Short web captions:
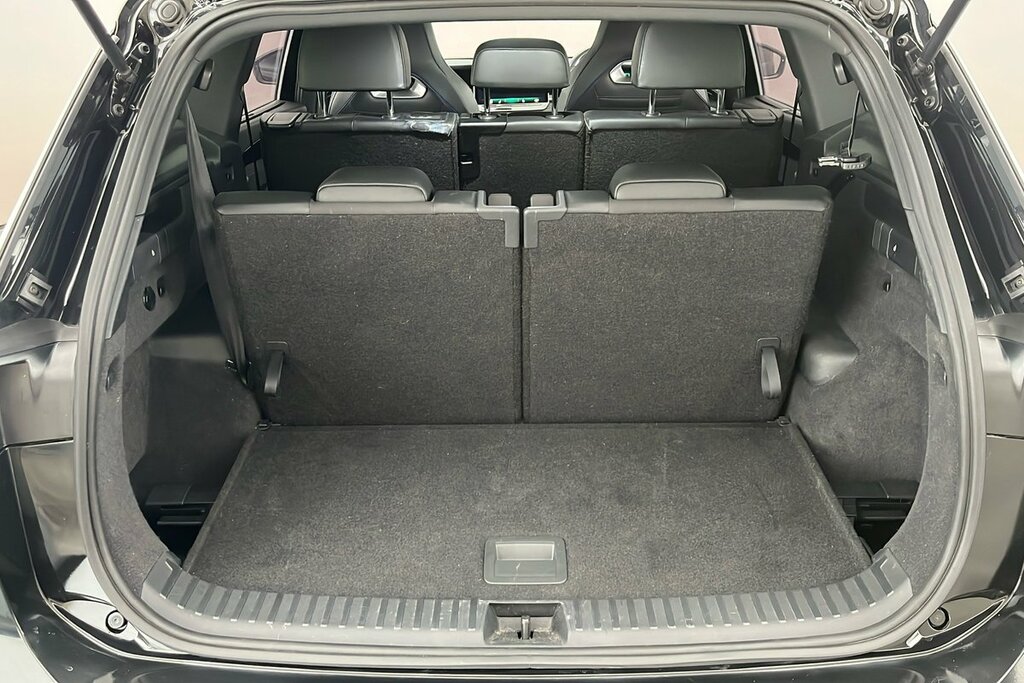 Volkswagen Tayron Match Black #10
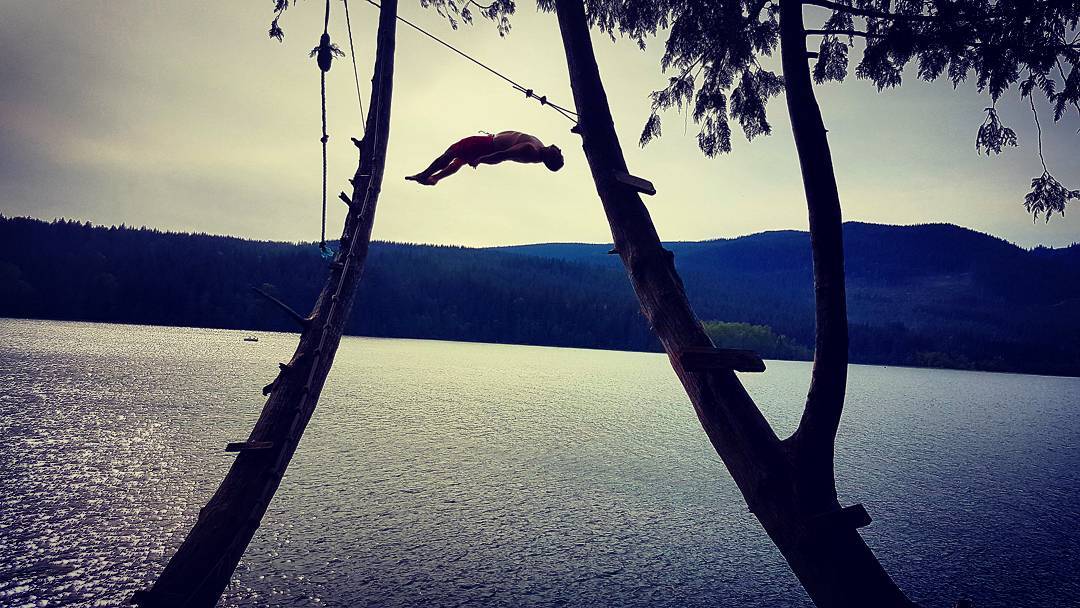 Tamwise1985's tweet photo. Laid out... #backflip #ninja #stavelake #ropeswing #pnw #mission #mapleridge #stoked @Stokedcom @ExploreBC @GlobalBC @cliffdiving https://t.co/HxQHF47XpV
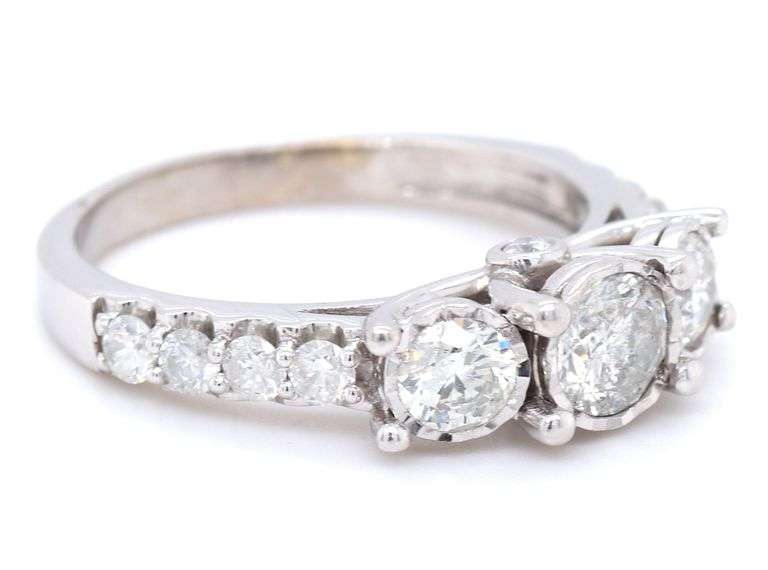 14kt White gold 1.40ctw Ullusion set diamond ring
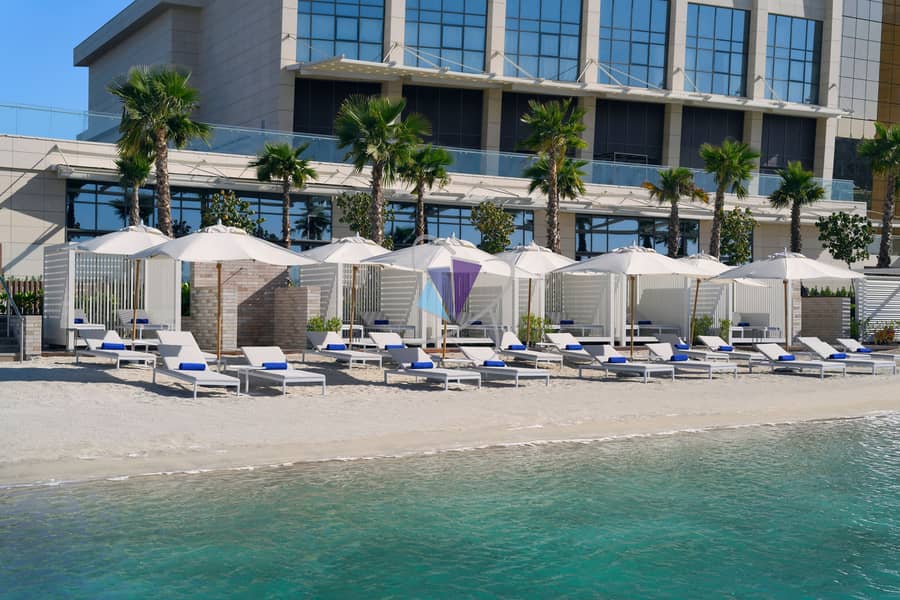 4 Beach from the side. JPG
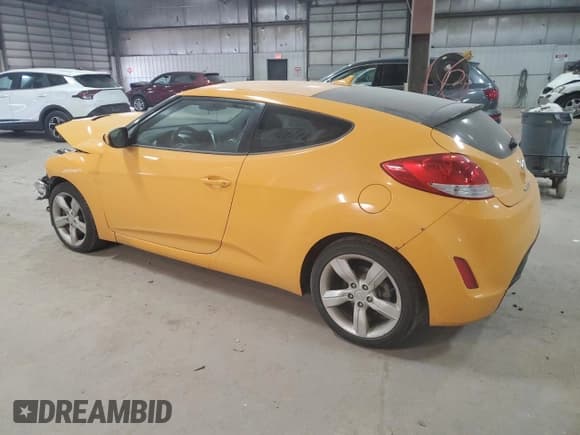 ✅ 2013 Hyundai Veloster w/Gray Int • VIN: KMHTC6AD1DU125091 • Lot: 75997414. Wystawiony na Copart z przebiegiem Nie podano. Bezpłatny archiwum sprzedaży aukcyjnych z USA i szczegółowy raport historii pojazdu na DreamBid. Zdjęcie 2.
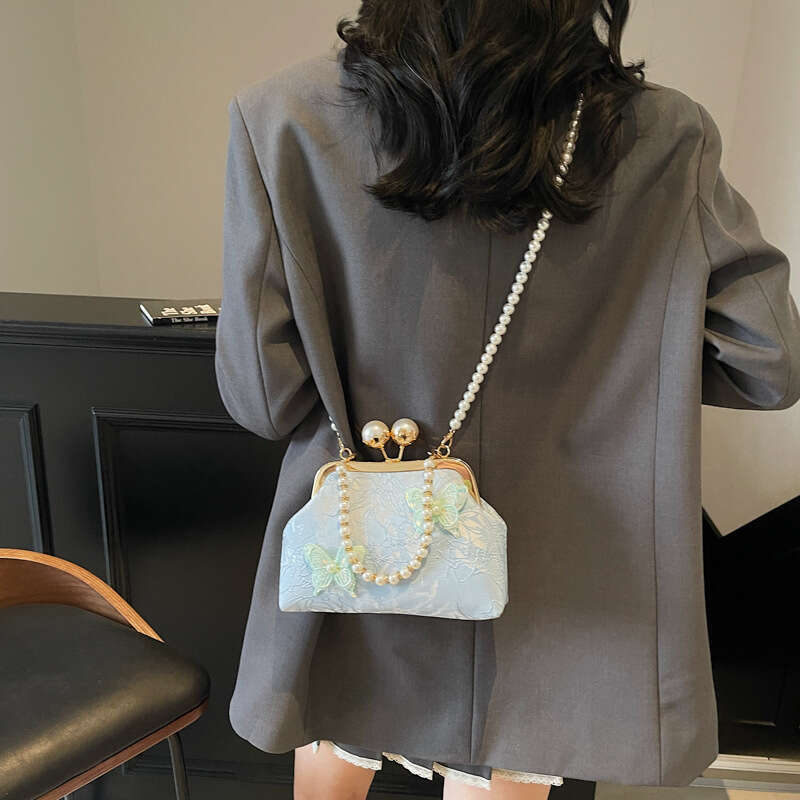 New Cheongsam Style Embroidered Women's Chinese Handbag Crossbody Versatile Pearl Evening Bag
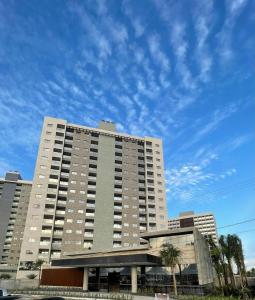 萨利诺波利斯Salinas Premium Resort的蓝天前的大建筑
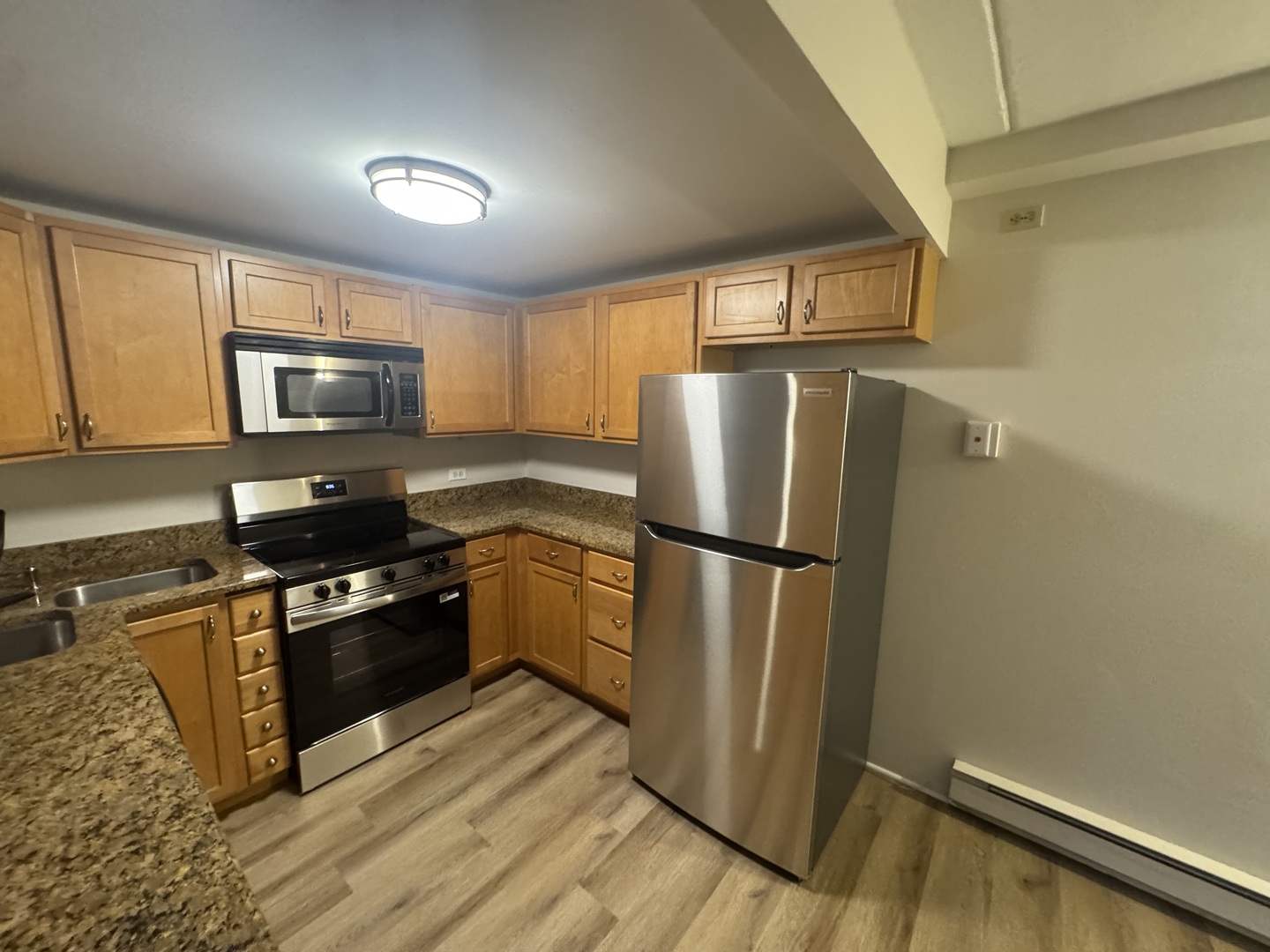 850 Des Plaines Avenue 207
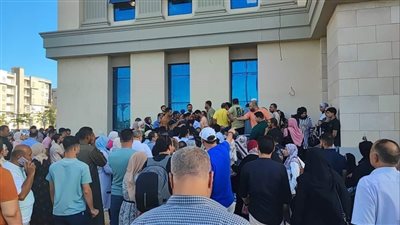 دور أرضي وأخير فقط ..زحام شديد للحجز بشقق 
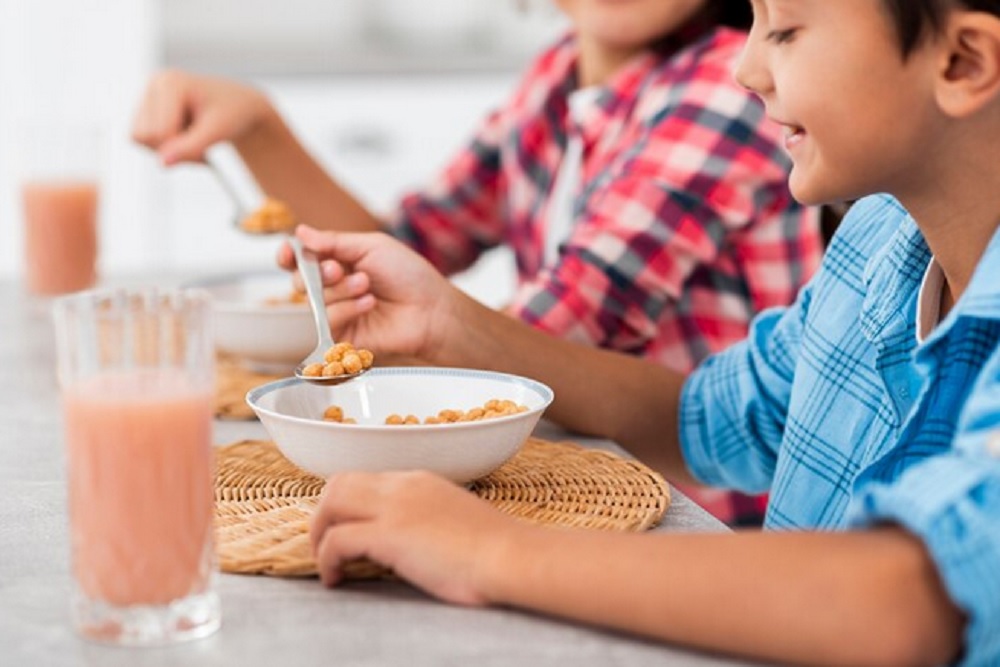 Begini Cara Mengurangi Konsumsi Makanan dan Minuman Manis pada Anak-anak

Assigned task:
Your answer must be an exact copy of every entry, with the pictures left out.

Reply to the task:
 Volkswagen Tayron Match Black #10
 Tamwise1985's tweet photo. Laid out... #backflip #ninja #stavelake #ropeswing #pnw #mission #mapleridge #stoked @Stokedcom @ExploreBC @GlobalBC @cliffdiving https://t.co/HxQHF47XpV
 14kt White gold 1.40ctw Ullusion set diamond ring
 4 Beach from the side. JPG
 ✅ 2013 Hyundai Veloster w/Gray Int • VIN: KMHTC6AD1DU125091 • Lot: 75997414. Wystawiony na Copart z przebiegiem Nie podano. Bezpłatny archiwum sprzedaży aukcyjnych z USA i szczegółowy raport historii pojazdu na DreamBid. Zdjęcie 2.
 New Cheongsam Style Embroidered Women's Chinese Handbag Crossbody Versatile Pearl Evening Bag
 萨利诺波利斯Salinas Premium Resort的蓝天前的大建筑
 850 Des Plaines Avenue 207
 دور أرضي وأخير فقط ..زحام شديد للحجز بشقق 
 Begini Cara Mengurangi Konsumsi Makanan dan Minuman Manis pada Anak-anak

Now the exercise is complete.